On March 10, the European Union enacted the first part of its Sustainable Finance Disclosure Regulation (SFDR). This requires investment firms to provide standardized disclosures on how they integrate environmental, social, and governance factors at both an entity and product level. It forms part of the EU’s overarching goal to push capital toward sustainable investment as well as provides a theoretical guide of what to expect from the Biden administration on financial disclosure, given the latter’s ESG support.
Pursuing Alignment with Sustainability Goals
The SFDR seeks to ensure that investors have the information they need to make effective investment choices that align with their sustainability goals. New disclosure rules are intended to eliminate greenwashing, which can mislead investors about the environmental credentials of investment products. The SFDR stipulates sustainability disclosure obligations in the investment process and financial products that claim to pursue sustainable investment objectives.
EU legislators added further disclosure obligations relating to adverse environmental and social impacts following investments in businesses that do harm, including major polluters. This action forces investment strategies that do not pursue sustainable mandates to make ESG disclosures.
Although disclosing adverse impacts under the SFDR at the entity level already applies on a comply-or-explain basis, asset managers and advisors will need to provide more detailed information in the form of adverse impact statements starting next year.

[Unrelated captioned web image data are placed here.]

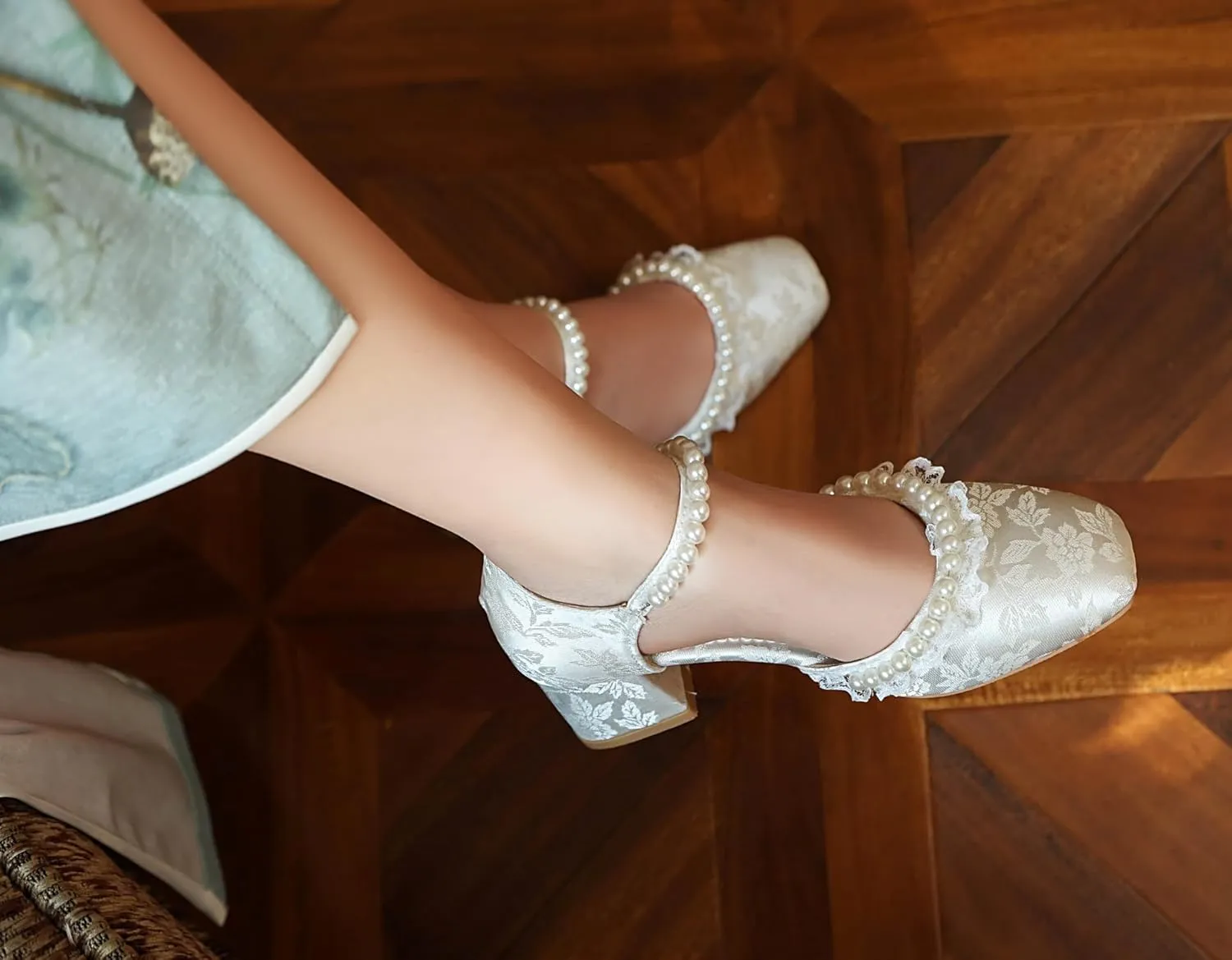 Women's JS44 Square Heels Printing Block Fabric Low Block D-Orsay Pumps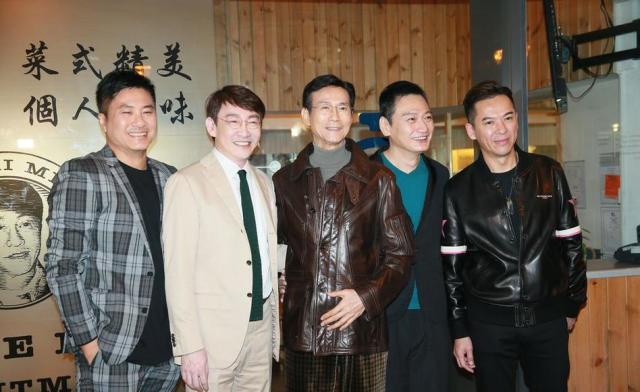 《大时代》"丁家五蟹"再聚首,男神依旧不老,满满的回忆杀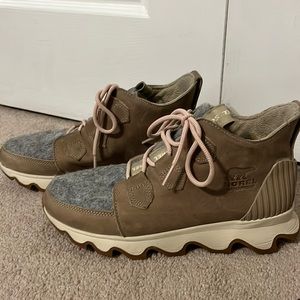 SOREL Kinetic Caribou Snow Boots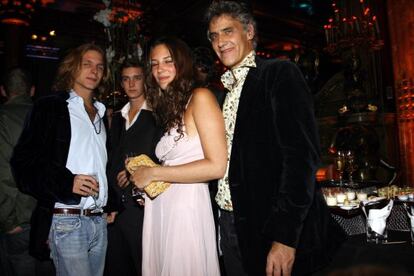 Andrea Casiraghi, Pierre Casiraghi, Tatiana Santo Domingo y su padre, Julio Mario Santo Domingo, en una imagen de 2006.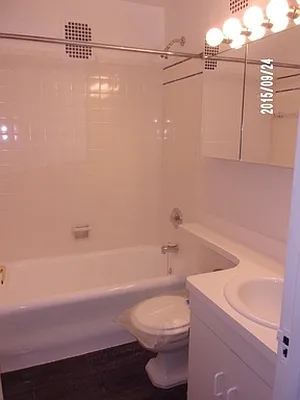 Rented by Carlyle Property Management | media 10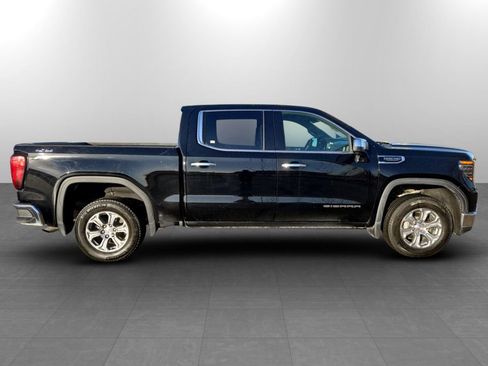 Used 2025 GMC Sierra 1500 SLT image 5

Along with European firms, the rules also apply to US asset managers marketing funds to EU clients.
The ESG Disclosure Simplification Act opens the way to more widely harmonize standards.
Assessing US Progress on ESG Disclosure
The US currently appears behind the EU on ESG disclosure; yet it has a chance to catch up quickly as the EU irons out some of the finer details of its own regulation.
President Biden issued the Executive Order on Climate-Related Financial Risk in May, directing federal agencies to take wide-ranging actions related to such risks. The House of Representatives narrowly passed the ESG Disclosure Simplification Act last month, requiring the US Securities and Exchange Commission to lay down rules on the disclosure of ESG metrics by public companies and set up a Sustainable Finance Advisory Committee. Beyond advising on which ESG metrics are to be disclosed, this committee will consider policy changes meant to encourage the flow of capital to sustainable investments.
US firms marketing investment products in the EU already have to follow the EU’s ESG disclosure rules in their communications with European clients. However, the ESG Disclosure Simplification Act opens the way to more widely harmonize standards. This could also speed up the creation of ESG disclosure rules in the US by default, as stakeholders and regulators can draw from the European blueprint. The Act states that the SEC may “incorporate any internationally recognized, independent, multi-stakeholder environmental, social, and governance disclosure standards.”
Given their significant operations in Europe and their corresponding but compulsory adoption of the EU’s disclosure rules, some of the larger US investment managers may even be keen to replicate the EU standards in the US. Complications could still arise: the EU is itself still in the process of making final touches to ESG disclosure standards, so at least a small degree of regulatory divergence seems inevitable. SEC Chair Gary Gensler has indicated that the SEC is on course to propose US ESG disclosure rules.